Elke muzieknerd, ongeacht hoe snobistisch of blasé, heeft meerdere “bucket lists”: een lijstje met bands die ze graag in een bepaalde opstelling of op een bepaalde locatie / tijd hadden gezien (denk Led Zeppelin op Knebworth, Red Hot Chilli Peppers in de Hillel Slovak-tijd of Radiohead tijdens Glastonbury 1997), een lijst met artiesten/bands die ze graag hadden gezien maar waarvoor reünies of wederopstandingen nodig zouden zijn (White Stripes, The Beatles), én het lijstje met bands waar nog steeds in stilte op wordt gehoopt.
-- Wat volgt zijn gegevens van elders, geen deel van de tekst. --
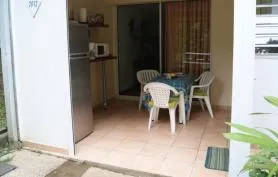 L'Hibiscus Rose studio ** avec jardin privatif à 100m de la plage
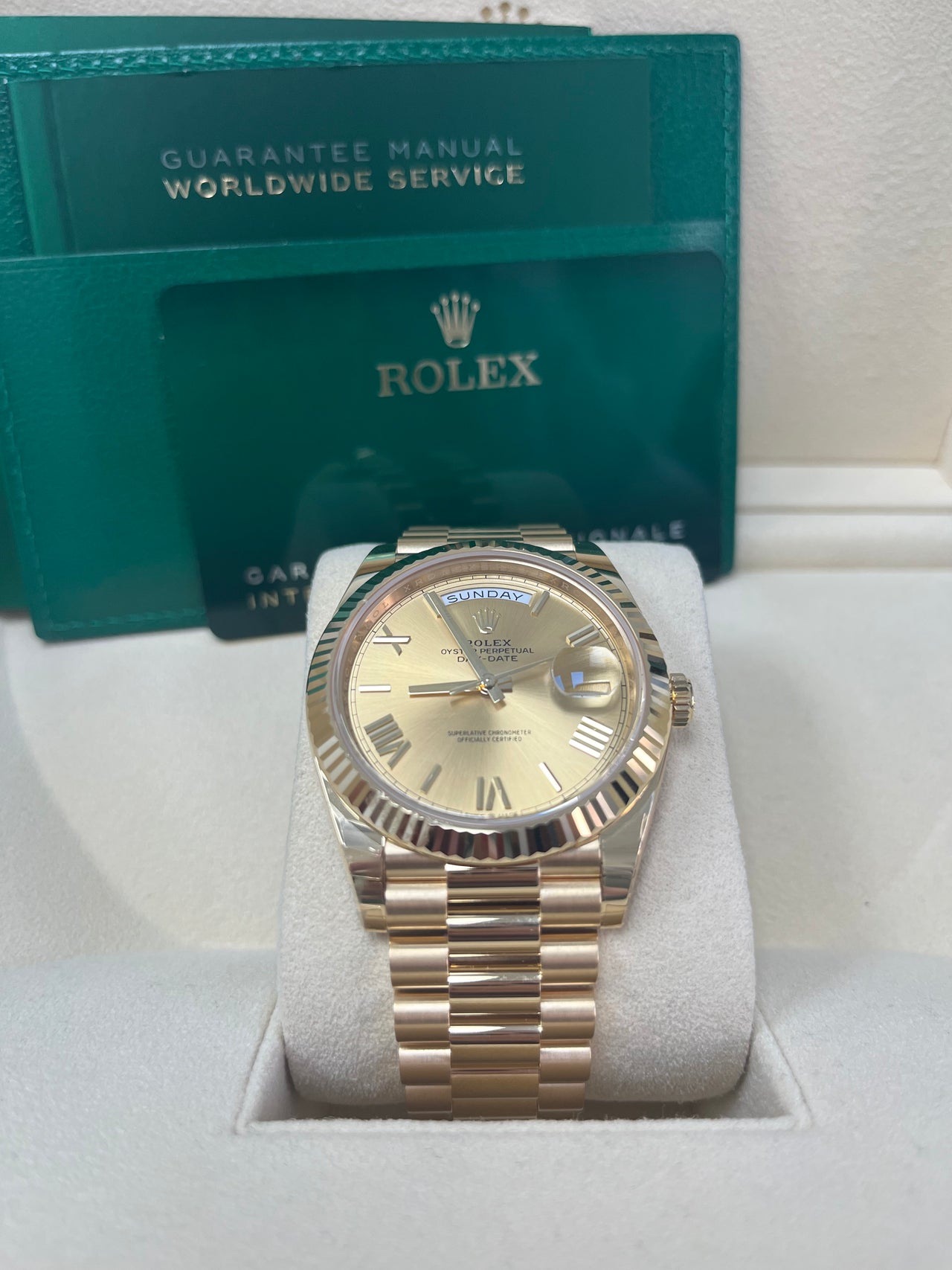 Rolex Day-Date 40 40 mm yellow gold 228238-0006 - Image 2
Op het lijstje van ondergetekende stond naast Daft Punk tot gisteravond ook Portishead. En blijkbaar was ik niet de enige: het concert was binnen een dag uitverkocht, en de zaal puilde uit van de dertig-plussers wier lijstje met één naam zou gaan worden ingekort. De bijna orgastische ontlading die plaatsvond toen de band eenmaal het podium opkwam en zich op opener Silence wierp, zou tijdens de rest van het optreden in schril contrast staan de ingetogenheid van de band – in dit geval naast Beth Gibbons, Geoff Barrow en Adrian Utley uitgebreid met een drummer, bassist/gitarist en keyboardist. De nadruk ligt echter voornamelijk bij de nog immer tijdloze, feeërieke Beth Gibbons. Geen idee hoe ze eruit ziet (het haar hangt nog steeds over haar gezicht), geen idee hoe oud ze inmiddels is, maar de stem is nog steeds angstaanjagend mooi, en de persona is er nog steeds een van gekwelde melancholie.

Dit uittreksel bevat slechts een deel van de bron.